Mar 10, 2011 16:02 GMT  ·  By

It appears that not all companies on the IT market ended up badly during February, as while makers of motherboards and notebooks did have sales problems, Rexchip and ProMOS actually got their respective revenues to rise last month.

Some end-users may have heard about how the month of February hasn't been proving to have been all that friendly to IT companies.

One reason for this is the fact that, as a whole, the first quarter of any year is slower than all the other three, since consumers are still 'recovering' after the winter holiday shopping season.

The other main factor is the simple fact that, being the shortest of all months in a year, February has fewer working days.

Coupled with the troubles caused by the flawed Intel 6-Series Cougar Point chipset, this made mainboard makers lose a lot of money.
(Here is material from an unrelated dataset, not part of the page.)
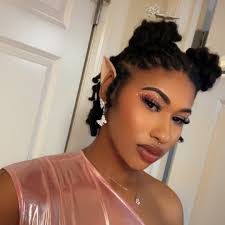 Hoodie SZN...Very Special to me dis time.. New Silk Pillows drop tmrw  morning. drop a 💙💚 fa a chance to get yours shipped from Smi, Myself n i  . Protect ya naps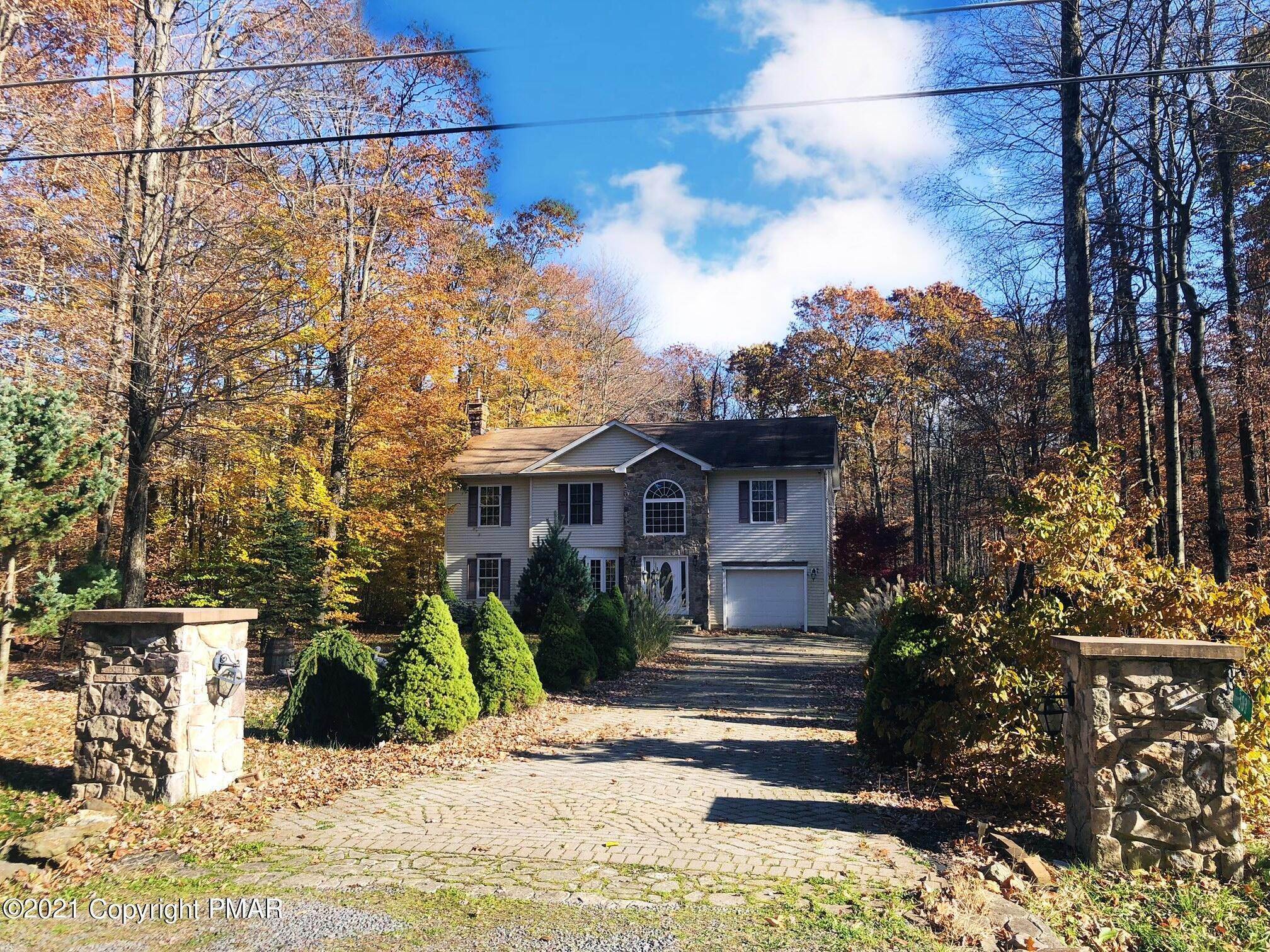 5. Single Family Homes for Sale at 303 Shannon Dr Long Pond, Pennsylvania 18334 United States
However, ProMOS and Rexchip are two obvious exceptions to the phenomenon of declining finances, although, true enough, motherboards and notebooks is not what they deal in, so they were spared the Cougar Point fallout.

Elpida subsidiary Rexchip, for one, generated revenues of NT$3.37 billion in February, a figure that is 56.8% higher than the one in January, although 15.1% lower than in February 2010.

Moving forward, the company aims to move on to 30nm-class manufacturing technologies (by the end of the year), for which it will allocate NT$3.6 billion.

Meanwhile, ProMOS saw a 4.4% revenue increase in February, to NT$1.32 billion, which is the equivalent of US$45 million.

This left it with combined revenues of NT$2.58 billion for the first two months of the year, a sum that is 4.8% higher on-year.

Now, the outfit has decided to start focusing more on its foundry services and is looking to acquire enough capital for purchasing new equipment for process transition. As such, it has shifted its focus away from PC DRAM.